Fifty years later, U.S. air passengers face a phalanx of background checks, body scanners, metal and explosives detectors and an exacting list of more than 70 prohibited carry-on items, including snow globes and certain types of screwdrivers. They arrive hours early for flights to run the security gantlet and navigate check-in.

At airport checkpoints, they wriggle out of shoes, coats and belts, extract from their carry-ons quart-sized bags of 3-ounce (and not more than that) containers of liquids and gels. They slap portable computers onto conveyor belts, and they hope they don't get pulled aside for enhanced pat-downs by security officers.

Travelers can be forgiven for asking these two key questions: Is it worth it? And how did we get to this point?

On the first question, doubters abound. But many security insiders answer "yes," with this caveat: Air travel will never be risk-free.

As for the second question: The fight to secure U.S. aviation has been a halting, painful journey, replete with tragedies and heated debates that have tested our nation's values. And we're nowhere near the end.

We are, however, at a crossroads, said terrorism expert Brian Michael Jenkins, senior advisor to the president of Rand Corp., the Santa Monica-based think tank.

As privacy guardians squirm and critics liken pat-downs to groping and full-body scans to virtual strip searches, "we are beginning to approach the edge of passenger tolerance," Jenkins said.

With air traffic on the rebound, forcing more people to squeeze through checkpoints, the system may soon stagger under its own weight. Many experts are calling for a new approach to screening.

In 1958, when McDermott signed on with National, airline security wasn't a big issue. In fact, it was nearly nonexistent.

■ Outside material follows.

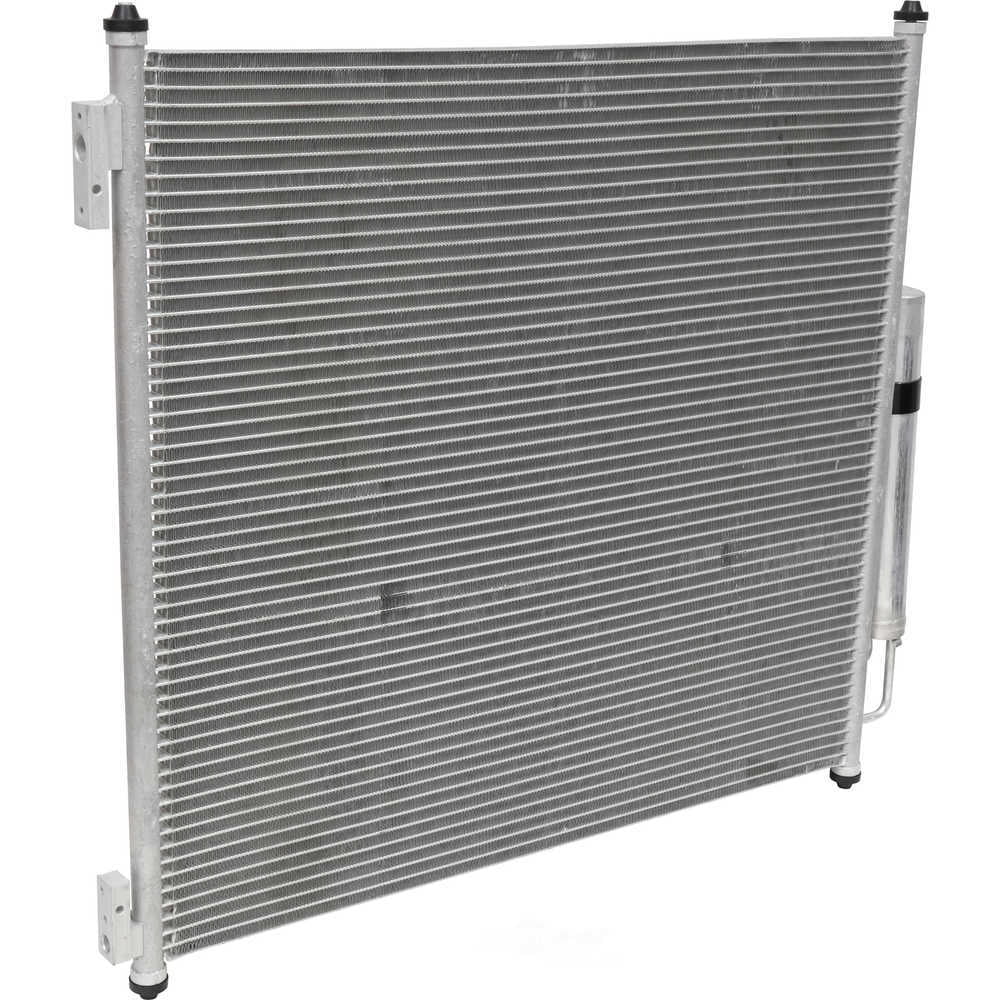 A/C Condenser -- Condenser Parallel Flow Fits select: 2014-2015 LAND ROVER RANGE ROVER SPORT, 2016-2019 LAND ROVER RANGE ROVER SPORT HSE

Although the cockpit door on the hijacked plane had a combination lock, captains often left it open and just drew a curtain, she said.

Back then, boarding a domestic flight was a breeze. Even international passengers might arrive only an hour ahead. There were no metal detectors or screening checkpoints. "Carry-on" meant a hat or coat, tossed onto open shelves in the cabin, or whatever fit under the seat.

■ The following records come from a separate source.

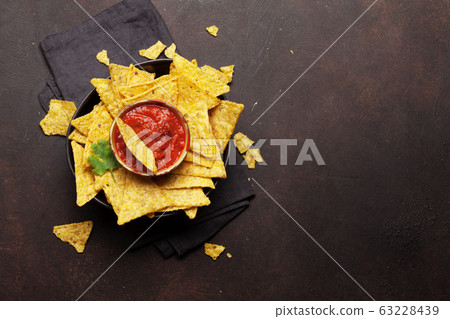 Mexican nachos chips Mexican nachos chips 63228439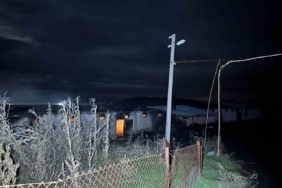 Uşak’ta boş tavuk çiftliğinde çıkan yangın korkuttu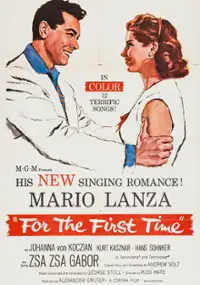 Plakat filmu For the First Time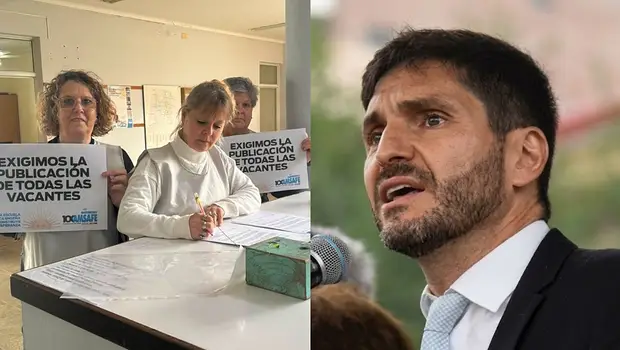 Después del aumento por decreto, AMSAFE le reclama a Pullaro más de 500 vacantes docentes | Docentes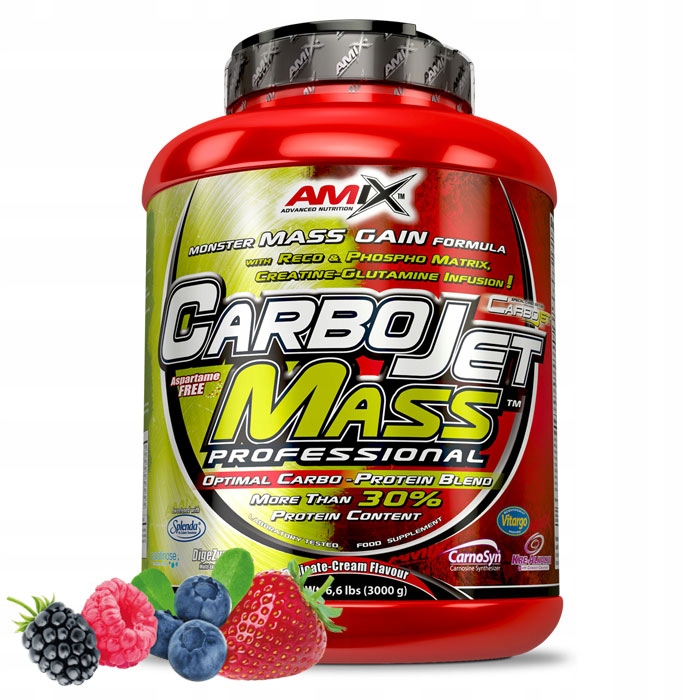 Gainer - GAINER AMIX 30% PROTEÍN Carbo Jet Mass Professional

When Joyce Fagerland of Mercer Island, Wash., a Pan American flight attendant from 1961-75, began her career, "no one ever looked into my handbag, either as a flight attendant or passenger," she said.

Her initial training included emergency landings, deploying life rafts and even delivering babies, but not, as far as she can recall, coping with a bomb threat or the takeover of an aircraft.

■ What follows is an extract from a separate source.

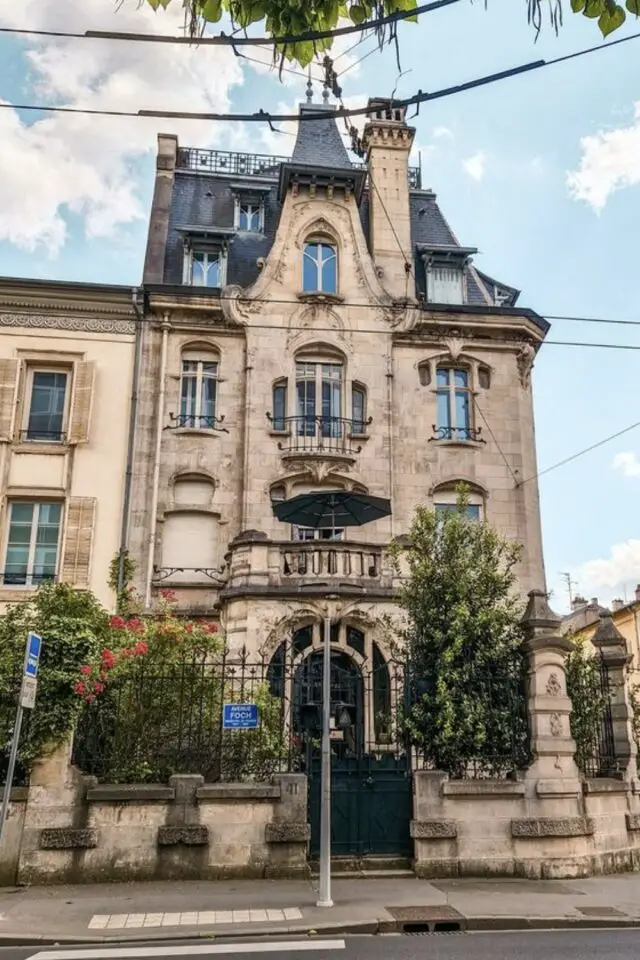 vacances decouverte patrimoine Nancy belle maison architecture Art Nouveau passion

"We were not thinking of hijacking or terrorists," Fagerland said.

Not that deadly attacks hadn't occurred. In 1955, a man who apparently hoped to cash in on his mother's life insurance planted a bomb in her luggage that exploded on a United Airlines plane after takeoff from Denver, killing all 44 aboard. In 1960, a bomb exploded aboard a National Airlines flight, killing all 34 aboard, in what was believed to have been a passenger's attempt to commit suicide.

But these were isolated incidents. It was only after a series of airliners were commandeered to Cuba, and other 1960s hijackings such as the diversion of a TWA flight to Damascus, Syria, after takeoff from Rome, that the life of the American flier began to change.

In 1969, Eastern Air Lines, a frequent victim of attacks, started deploying a system, developed by the Federal Aviation Administration, that used a hijacker psychological profile, along with metal detectors, to screen passengers and their bags. A few airlines followed.

The system wasn't mandatory until the 1970s, a turbulent decade when Palestinians launched a murderous attack on a Rome airport; a bomb on a New York to Los Angeles flight was found minutes before it was set to detonate; and a man calling himself D.B. Cooper hijacked a passenger flight, parachuted away with a $200,000 ransom and vanished.